[PROVIDED DATA]
Content starts
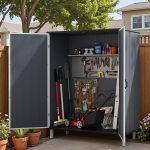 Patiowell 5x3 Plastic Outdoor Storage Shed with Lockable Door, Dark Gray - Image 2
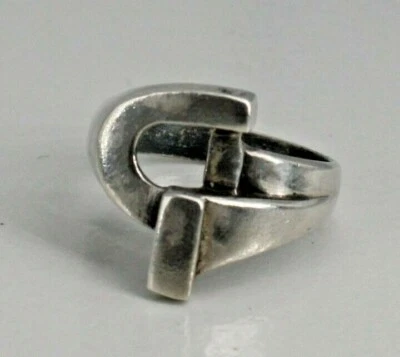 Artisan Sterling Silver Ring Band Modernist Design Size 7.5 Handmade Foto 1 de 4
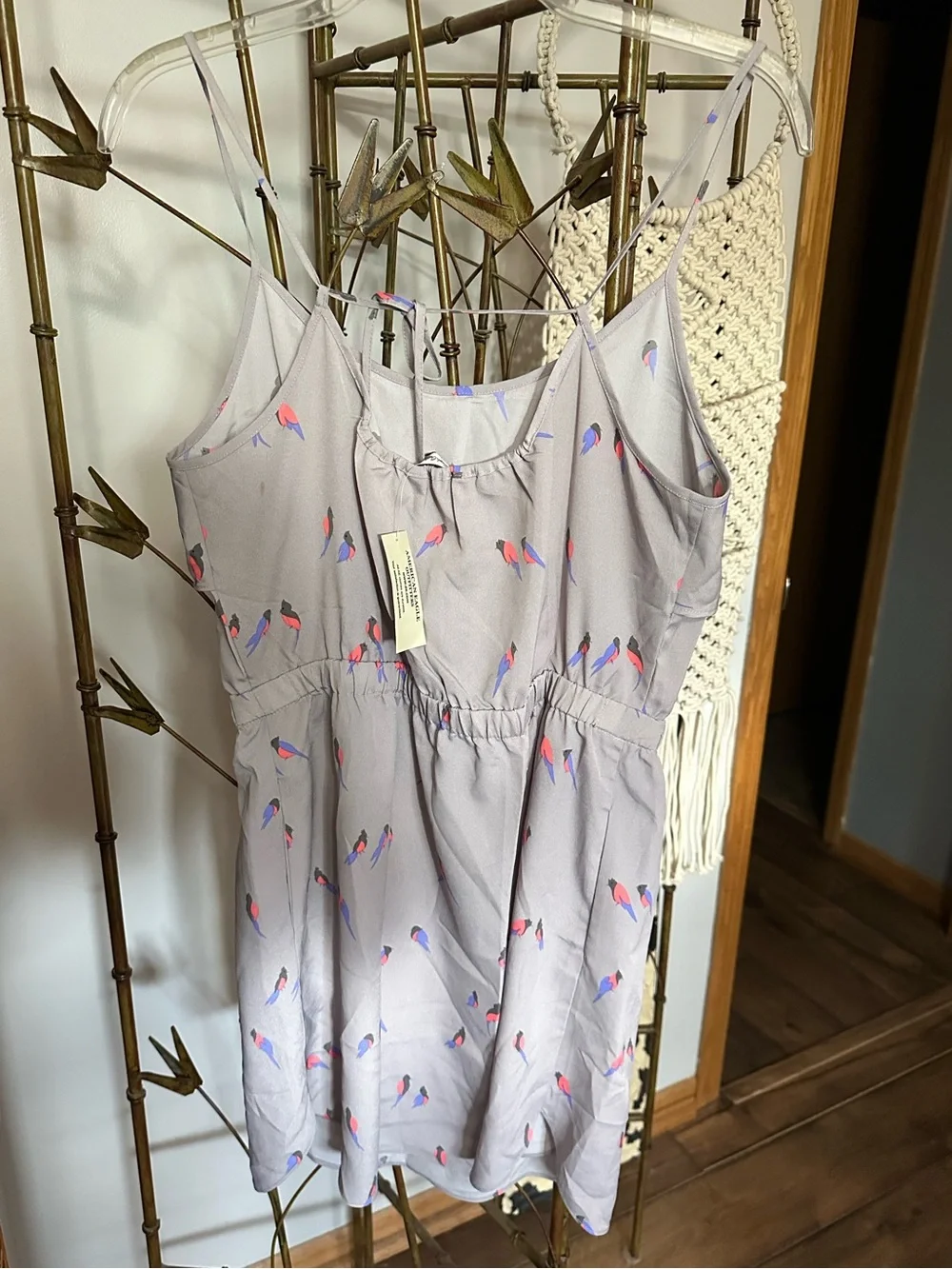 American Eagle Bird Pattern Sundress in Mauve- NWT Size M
Content ends
[REQUIRED WORK]
Each line above should be output exactly, apart from the pictures.

[SOLUTION TO THE PROBLEM]
 Patiowell 5x3 Plastic Outdoor Storage Shed with Lockable Door, Dark Gray - Image 2
 Artisan Sterling Silver Ring Band Modernist Design Size 7.5 Handmade Foto 1 de 4
 American Eagle Bird Pattern Sundress in Mauve- NWT Size M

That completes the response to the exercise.